» MATERIALS PROVIDED
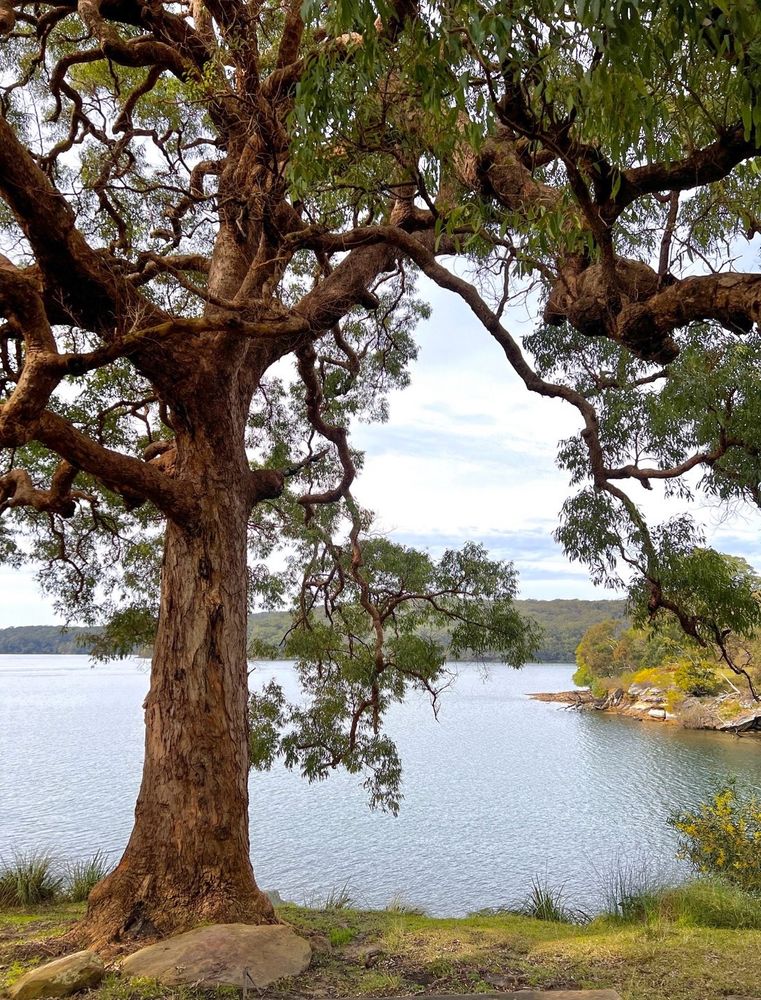 A eucalyptus tree with twisted, pendulous branches grows on the edge of a bay with wooded hills in the background. The sky is bright and is lightly clouded. 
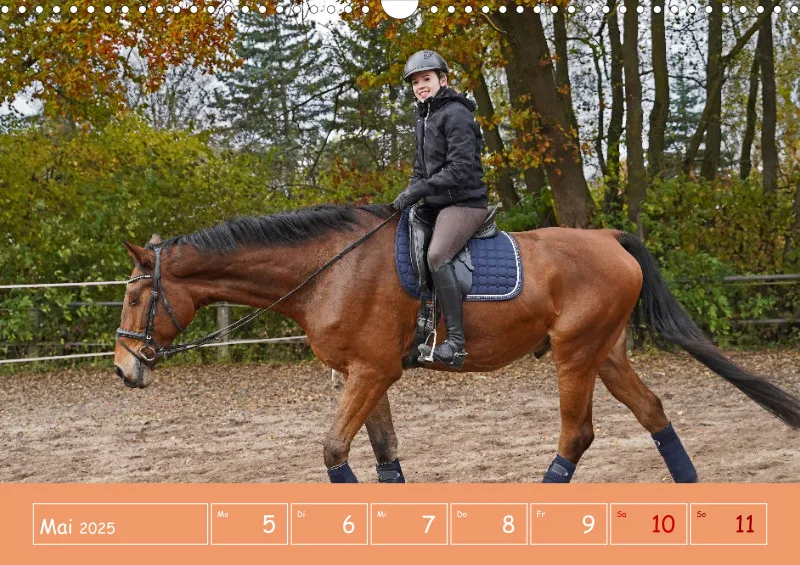 2025 A3 Faszination Reitsport - Wochenkalender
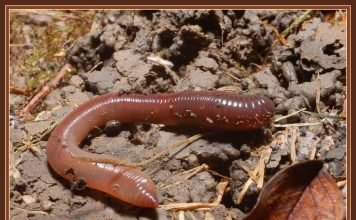 Как размножаются дождевые черви?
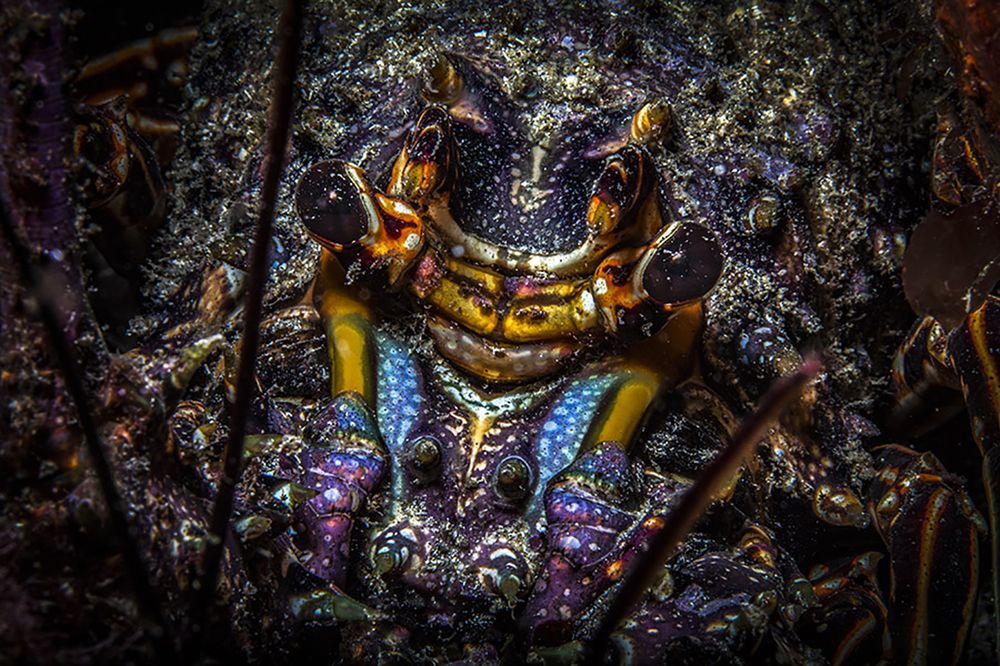 Фотография автора Paula Vianna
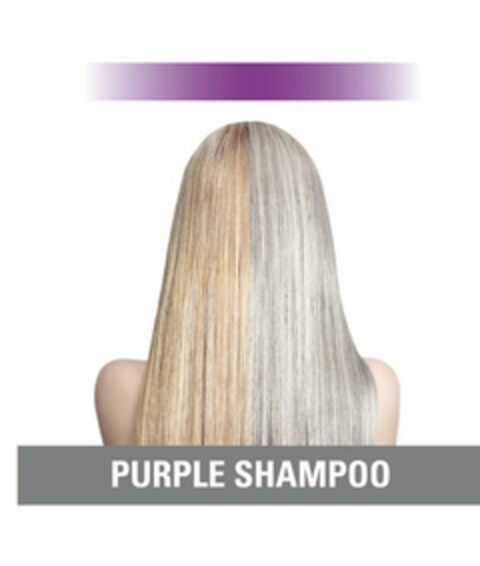 PURPLE SHAMPOO Logo (USPTO, 10/31/2019)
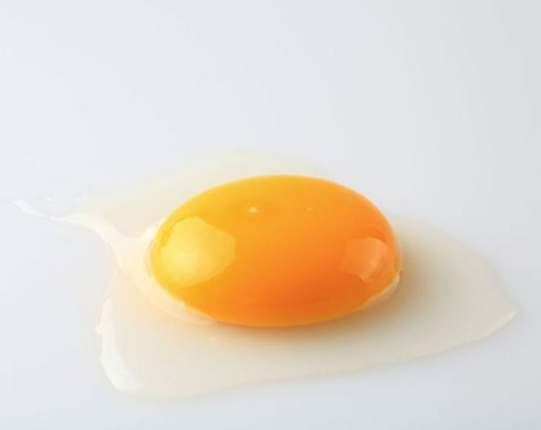 一个鸡蛋能够满足当天的氨基酸的需求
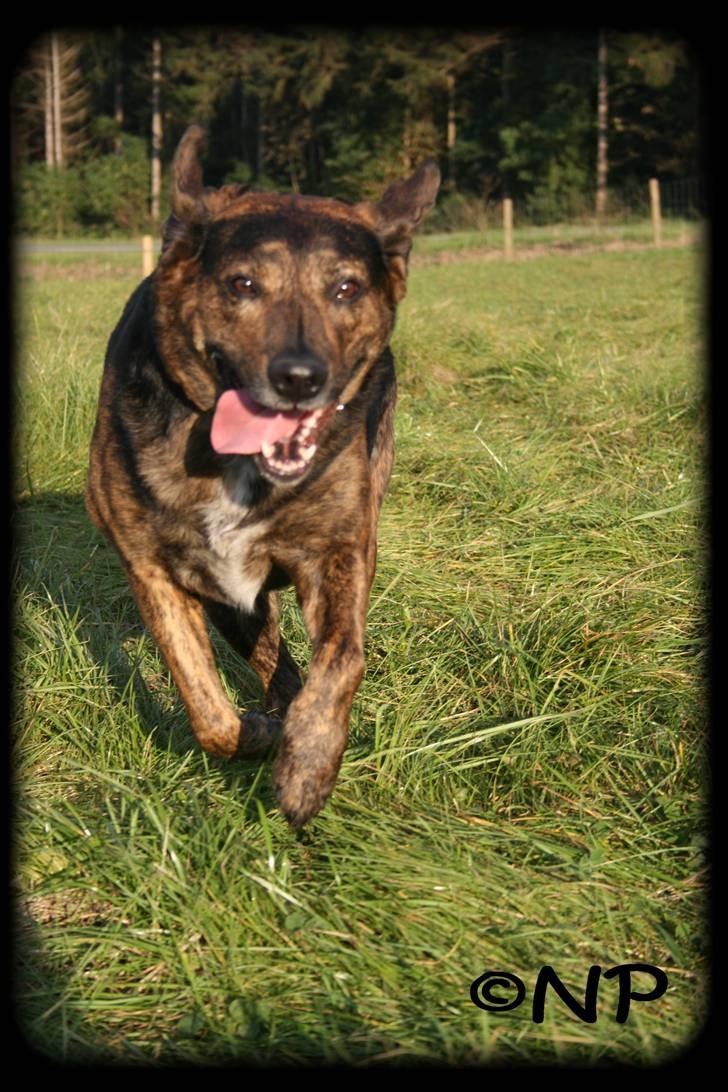 Blanding af racer Nala [Mor & Far's] billede 14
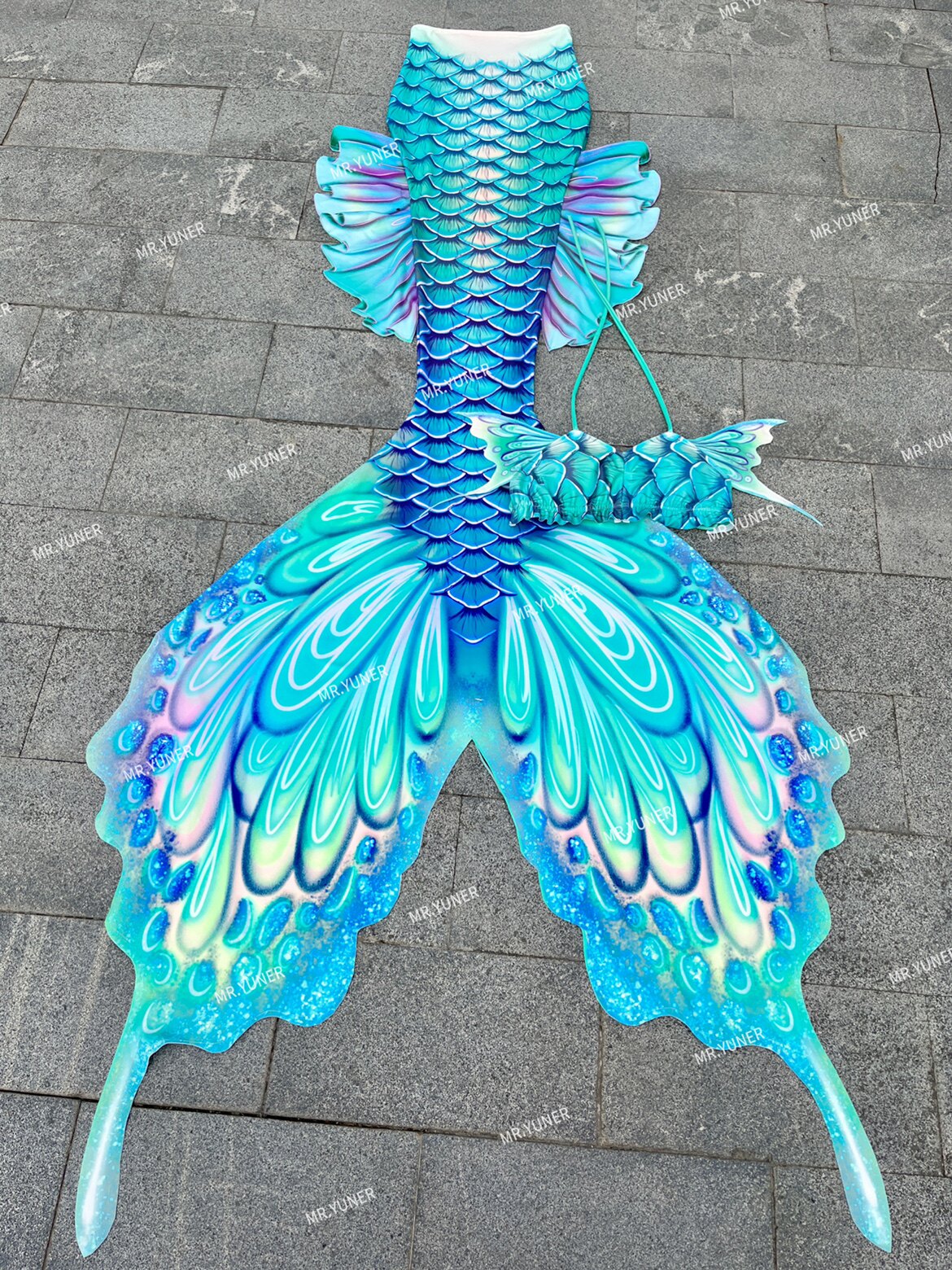 Butterfly Australian Fins Merm - Aquarium & Marine Museum Universiti Malaysia Sabah Kota Kinabalu Sabah Reviews reseña y precio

» DESCRIPTION OF THE TASK
Quote the full listing above word for word; exclude every picture from the copy.

» SOLUTION FOR THIS PROBLEM
 A eucalyptus tree with twisted, pendulous branches grows on the edge of a bay with wooded hills in the background. The sky is bright and is lightly clouded. 
 2025 A3 Faszination Reitsport - Wochenkalender
 Как размножаются дождевые черви?
 Фотография автора Paula Vianna
 PURPLE SHAMPOO Logo (USPTO, 10/31/2019)
 一个鸡蛋能够满足当天的氨基酸的需求
 Blanding af racer Nala [Mor & Far's] billede 14
 Butterfly Australian Fins Merm - Aquarium & Marine Museum Universiti Malaysia Sabah Kota Kinabalu Sabah Reviews reseña y precio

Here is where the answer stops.